Church didn’t help my fear since a large mural in my Sunday School classroom had ghost-like wisps of people being caught up into the golden trumpeted clouds as chaos reigned below in the form of burning airplanes and highway car pile-ups (see above). My parents didn’t help my fear because my dad insisted on ending all sentences related to the future with the “if the Lord tarries” tagline (tarry means “wait.” I’m assuming nobody else knows this except Christians). Such as: “We can go to McDonald’s after we’re done shopping...if the Lord tarries.” And then I would just picture God as the Hamburglar, replacing my delicious french fries and cheap plastic toy down here with gross healthy foods like fruit up in “paradise.”

My parents kind of thought the world was going to end by the time I got to kindergarten, which may explain why I was allowed to ride without a seat belt in the back of a Plymouth Horizon whose door sometimes randomly opened while going around sharp turns. In any case, my kindergarten year was1987. In hindsight, it’s not that inconceivable that the world was going to end in the near future, seeing as if there was any decade to doubt the sanity of the human race, it was the 80’s. But then the 90’s came and people wore socks with Birkenstocks and we were still here. And then the 00’s came and the Red Sox actually won a World Series. Still here. And in the 10’s, I thought the most telling sign that the end might be near was when Susan Boyle sold like 10 million records in about a month. But apparently it takes a lot more than that, and even more than Rebecca Black becoming famous (if anyone forgets, she sang that song “Friday.” You can probably find it on YouTube).

And yet I’m still a little nervous.

Sometimes I’ll call three or four friends, as well as my parents’ house and nobody will pick up. And I picture all of them gone, off to have sex and hit walk-off home runs for all eternity while I’m left having to dodge falling stars and deal with rivers flowing with blood. I mean, in those situations, if someone gave me 1,000 to one odds on a dollar that they were taken into space, I would take it. Even though my money would be worthless cause a one world order would be instituted within the next year.

Exhibit two, just the other day I was at Kimi’s parents house and we were looking for them and they weren’t anywhere in the house (even though they were ten minutes earlier). Both their cars were in the driveway, and I promise there was an eerie silence hanging in the air as well. Most people’s natural reaction would be, “They’re probably outside.” Not me. Part of me was seriously thinking, “I’ve been left behind. I’m gonna find two piles of clothing, with no bodies. And we’re going to have to sell this house on a down market, not to mention that millions of other people will be gone, necessitating much less housing, so I’m even more screwed.” Turns out, they were outside. Crazy.

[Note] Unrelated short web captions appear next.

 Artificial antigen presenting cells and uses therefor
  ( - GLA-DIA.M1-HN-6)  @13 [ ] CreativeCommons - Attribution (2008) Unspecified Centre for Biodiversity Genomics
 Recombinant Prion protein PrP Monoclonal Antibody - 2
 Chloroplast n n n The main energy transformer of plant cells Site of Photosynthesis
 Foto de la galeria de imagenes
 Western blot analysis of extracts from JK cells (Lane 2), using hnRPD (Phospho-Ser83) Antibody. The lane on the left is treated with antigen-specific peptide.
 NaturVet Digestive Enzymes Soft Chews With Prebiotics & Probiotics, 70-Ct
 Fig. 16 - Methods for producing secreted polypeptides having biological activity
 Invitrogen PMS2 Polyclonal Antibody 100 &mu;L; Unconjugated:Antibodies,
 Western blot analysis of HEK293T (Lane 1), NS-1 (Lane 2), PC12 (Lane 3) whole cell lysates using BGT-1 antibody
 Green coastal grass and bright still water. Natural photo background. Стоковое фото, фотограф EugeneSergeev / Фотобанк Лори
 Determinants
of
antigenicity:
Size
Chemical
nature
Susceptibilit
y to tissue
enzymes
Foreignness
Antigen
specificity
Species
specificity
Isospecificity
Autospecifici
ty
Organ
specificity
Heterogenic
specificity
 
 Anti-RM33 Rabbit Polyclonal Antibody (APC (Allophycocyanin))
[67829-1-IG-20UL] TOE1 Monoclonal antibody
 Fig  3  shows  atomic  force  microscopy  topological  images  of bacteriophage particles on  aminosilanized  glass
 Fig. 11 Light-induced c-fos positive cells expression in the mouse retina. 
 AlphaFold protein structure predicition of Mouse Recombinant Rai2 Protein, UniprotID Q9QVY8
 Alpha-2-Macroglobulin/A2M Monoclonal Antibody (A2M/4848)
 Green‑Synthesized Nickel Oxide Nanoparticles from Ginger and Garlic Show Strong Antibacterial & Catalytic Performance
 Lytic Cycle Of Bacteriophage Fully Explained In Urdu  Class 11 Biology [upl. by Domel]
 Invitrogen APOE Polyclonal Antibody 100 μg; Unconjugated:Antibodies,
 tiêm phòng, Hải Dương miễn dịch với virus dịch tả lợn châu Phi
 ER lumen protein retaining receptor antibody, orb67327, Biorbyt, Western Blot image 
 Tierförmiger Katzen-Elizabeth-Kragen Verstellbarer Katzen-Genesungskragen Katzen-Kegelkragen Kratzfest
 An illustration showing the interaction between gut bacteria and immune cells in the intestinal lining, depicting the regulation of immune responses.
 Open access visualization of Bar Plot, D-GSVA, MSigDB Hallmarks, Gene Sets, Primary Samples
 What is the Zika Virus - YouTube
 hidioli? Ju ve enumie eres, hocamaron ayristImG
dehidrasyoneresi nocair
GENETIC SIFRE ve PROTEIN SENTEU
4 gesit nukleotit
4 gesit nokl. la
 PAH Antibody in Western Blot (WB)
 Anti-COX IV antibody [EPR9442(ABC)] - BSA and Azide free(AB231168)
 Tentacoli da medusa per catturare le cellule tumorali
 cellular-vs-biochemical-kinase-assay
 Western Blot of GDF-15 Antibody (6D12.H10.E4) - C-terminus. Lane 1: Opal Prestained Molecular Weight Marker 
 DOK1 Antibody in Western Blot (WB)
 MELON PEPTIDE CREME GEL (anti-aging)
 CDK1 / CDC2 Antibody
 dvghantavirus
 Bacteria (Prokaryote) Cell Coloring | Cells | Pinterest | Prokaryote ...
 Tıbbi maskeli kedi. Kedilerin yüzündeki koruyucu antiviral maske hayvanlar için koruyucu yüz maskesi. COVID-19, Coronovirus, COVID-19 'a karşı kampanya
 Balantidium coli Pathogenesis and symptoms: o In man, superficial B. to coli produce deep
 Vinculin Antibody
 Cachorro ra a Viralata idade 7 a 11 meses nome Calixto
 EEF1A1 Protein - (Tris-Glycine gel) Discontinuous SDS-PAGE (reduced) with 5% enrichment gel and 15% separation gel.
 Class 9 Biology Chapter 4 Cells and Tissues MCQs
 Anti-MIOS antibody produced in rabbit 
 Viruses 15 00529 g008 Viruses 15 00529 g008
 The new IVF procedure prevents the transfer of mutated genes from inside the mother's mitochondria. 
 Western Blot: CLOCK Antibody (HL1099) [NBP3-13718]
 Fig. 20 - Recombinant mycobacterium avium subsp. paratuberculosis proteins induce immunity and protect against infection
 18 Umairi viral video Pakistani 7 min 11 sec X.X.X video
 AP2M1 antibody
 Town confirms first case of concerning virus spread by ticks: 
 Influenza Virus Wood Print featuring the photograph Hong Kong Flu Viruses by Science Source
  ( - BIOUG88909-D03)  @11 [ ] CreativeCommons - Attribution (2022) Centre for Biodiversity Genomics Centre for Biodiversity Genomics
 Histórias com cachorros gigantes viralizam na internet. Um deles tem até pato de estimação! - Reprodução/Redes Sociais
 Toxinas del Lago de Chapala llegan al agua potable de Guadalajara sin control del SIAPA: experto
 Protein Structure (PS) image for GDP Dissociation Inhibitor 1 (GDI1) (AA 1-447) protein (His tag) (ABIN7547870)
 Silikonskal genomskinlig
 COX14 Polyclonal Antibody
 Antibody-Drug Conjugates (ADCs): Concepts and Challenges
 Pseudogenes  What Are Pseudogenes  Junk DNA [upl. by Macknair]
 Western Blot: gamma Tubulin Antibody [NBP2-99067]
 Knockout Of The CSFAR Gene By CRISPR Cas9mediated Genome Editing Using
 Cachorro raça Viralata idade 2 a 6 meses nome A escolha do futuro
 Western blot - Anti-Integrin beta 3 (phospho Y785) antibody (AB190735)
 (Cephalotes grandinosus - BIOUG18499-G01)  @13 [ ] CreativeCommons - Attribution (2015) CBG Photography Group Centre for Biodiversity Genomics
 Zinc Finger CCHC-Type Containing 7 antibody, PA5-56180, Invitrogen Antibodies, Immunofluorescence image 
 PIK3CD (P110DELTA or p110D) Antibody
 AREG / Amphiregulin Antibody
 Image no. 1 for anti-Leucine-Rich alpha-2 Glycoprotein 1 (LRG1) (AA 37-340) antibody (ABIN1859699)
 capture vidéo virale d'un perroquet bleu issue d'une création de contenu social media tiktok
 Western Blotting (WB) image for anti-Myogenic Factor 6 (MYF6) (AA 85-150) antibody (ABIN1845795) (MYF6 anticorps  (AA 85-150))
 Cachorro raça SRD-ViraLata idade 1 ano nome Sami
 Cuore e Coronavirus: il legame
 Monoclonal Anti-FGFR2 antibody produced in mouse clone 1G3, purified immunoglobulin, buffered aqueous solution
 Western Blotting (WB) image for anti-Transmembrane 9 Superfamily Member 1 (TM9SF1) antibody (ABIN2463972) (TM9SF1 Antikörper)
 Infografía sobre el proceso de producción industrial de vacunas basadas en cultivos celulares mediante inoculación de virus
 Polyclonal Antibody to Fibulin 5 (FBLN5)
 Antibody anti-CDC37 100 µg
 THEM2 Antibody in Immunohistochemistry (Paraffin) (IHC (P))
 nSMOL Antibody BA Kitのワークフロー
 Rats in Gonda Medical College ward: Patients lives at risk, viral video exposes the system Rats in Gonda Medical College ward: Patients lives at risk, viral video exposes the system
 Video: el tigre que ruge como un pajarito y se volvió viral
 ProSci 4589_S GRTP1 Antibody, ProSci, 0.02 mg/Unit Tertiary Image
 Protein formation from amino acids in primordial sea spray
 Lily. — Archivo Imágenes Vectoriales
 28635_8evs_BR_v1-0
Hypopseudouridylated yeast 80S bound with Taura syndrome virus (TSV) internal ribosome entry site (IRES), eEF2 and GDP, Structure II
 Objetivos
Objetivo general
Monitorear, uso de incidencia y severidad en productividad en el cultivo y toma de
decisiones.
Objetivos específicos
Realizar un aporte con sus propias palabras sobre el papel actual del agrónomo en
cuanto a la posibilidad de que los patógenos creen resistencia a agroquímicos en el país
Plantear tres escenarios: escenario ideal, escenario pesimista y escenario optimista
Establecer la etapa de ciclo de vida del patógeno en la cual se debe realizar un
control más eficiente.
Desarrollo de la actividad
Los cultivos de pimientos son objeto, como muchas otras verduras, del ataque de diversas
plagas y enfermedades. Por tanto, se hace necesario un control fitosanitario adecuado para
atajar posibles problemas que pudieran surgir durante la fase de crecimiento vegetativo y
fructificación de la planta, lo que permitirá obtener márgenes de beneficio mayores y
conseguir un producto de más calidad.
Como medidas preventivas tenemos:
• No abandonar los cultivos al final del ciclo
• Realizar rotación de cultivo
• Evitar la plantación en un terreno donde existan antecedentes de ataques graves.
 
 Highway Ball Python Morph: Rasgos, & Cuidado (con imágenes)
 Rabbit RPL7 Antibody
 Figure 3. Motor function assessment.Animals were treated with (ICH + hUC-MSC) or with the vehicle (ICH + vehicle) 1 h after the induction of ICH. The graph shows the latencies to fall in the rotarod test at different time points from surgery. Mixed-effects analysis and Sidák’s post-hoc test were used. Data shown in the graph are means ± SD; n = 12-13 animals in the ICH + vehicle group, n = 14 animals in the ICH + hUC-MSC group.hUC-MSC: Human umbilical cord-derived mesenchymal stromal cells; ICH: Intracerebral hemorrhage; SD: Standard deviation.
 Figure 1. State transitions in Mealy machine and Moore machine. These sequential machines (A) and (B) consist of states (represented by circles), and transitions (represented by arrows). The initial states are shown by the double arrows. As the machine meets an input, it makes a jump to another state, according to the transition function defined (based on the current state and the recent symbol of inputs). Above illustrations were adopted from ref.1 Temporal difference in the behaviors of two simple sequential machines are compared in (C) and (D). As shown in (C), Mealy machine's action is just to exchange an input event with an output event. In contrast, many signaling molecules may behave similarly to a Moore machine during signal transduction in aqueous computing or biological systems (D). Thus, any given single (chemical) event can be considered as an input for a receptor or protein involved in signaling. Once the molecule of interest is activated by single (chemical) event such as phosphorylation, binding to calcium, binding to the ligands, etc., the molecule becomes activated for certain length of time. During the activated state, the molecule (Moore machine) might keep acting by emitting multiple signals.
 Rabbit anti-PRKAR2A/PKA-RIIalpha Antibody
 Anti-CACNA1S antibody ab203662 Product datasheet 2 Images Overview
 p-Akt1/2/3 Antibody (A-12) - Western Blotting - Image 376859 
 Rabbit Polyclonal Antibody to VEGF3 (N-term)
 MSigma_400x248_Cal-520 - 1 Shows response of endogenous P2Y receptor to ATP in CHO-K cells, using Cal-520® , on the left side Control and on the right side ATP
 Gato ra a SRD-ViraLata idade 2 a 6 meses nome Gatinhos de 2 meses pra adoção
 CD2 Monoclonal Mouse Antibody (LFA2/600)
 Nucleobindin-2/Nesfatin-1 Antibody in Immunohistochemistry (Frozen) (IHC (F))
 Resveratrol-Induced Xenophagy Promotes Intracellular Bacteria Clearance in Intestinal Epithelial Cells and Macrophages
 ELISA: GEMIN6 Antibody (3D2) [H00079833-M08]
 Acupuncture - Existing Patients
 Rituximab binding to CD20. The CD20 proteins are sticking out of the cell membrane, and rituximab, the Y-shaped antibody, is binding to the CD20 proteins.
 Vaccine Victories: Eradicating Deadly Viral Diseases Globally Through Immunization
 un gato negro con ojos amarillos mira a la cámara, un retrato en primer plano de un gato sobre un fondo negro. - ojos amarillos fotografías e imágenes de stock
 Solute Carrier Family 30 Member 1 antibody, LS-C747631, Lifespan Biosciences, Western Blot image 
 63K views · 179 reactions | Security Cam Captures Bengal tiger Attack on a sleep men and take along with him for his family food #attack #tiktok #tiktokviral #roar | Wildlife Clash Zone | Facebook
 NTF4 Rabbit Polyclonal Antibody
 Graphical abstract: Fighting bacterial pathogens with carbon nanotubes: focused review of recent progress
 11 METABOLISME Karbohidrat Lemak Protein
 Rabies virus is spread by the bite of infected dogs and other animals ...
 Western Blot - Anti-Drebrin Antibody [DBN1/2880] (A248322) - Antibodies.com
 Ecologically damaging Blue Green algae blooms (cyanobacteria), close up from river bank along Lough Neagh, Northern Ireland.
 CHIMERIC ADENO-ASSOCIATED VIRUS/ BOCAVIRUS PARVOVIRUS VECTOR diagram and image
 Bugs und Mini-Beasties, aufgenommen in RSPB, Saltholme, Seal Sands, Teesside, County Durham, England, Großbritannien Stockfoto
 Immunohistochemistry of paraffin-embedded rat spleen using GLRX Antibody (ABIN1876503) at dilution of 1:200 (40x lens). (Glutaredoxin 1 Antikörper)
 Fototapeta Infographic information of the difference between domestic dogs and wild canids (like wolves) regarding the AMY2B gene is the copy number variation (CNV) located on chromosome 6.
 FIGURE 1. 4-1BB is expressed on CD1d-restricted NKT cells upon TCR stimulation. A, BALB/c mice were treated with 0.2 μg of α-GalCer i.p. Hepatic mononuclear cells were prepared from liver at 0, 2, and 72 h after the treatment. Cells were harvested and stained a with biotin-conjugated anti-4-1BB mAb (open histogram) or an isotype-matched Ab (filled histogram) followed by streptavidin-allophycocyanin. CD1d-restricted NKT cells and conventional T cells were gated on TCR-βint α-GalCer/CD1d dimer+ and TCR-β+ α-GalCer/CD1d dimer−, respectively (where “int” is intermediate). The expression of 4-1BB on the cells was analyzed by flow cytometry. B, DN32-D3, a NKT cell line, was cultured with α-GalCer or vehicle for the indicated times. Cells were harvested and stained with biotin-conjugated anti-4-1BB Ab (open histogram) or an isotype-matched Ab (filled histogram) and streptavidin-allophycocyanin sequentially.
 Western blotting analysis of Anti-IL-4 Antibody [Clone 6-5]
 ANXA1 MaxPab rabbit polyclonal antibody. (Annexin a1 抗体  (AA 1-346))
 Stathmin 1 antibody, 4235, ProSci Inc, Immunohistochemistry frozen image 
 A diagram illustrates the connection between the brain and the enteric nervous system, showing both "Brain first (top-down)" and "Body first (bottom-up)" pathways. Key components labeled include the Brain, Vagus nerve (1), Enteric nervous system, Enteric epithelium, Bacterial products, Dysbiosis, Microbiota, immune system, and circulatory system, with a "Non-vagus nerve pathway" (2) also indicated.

I don’t hold anything against my mom and dad, and they’re now a little more realistic about God’s plan for the human race, but it is a weird Pavlovian response for me to fear getting left behind by a God that I really do still love. At the same time, it’s kind of fun I guess. And I don’t know, maybe someday someone will be trying to call me and I’ll be the one who’s out of here. But really, I hope that when all this ends, God doesn’t just start picking people off, but that he brings wholeness and perfection to a pretty awesome world that’s already here.

And I’ll own Camden Yards and love Kimi well, literally forever.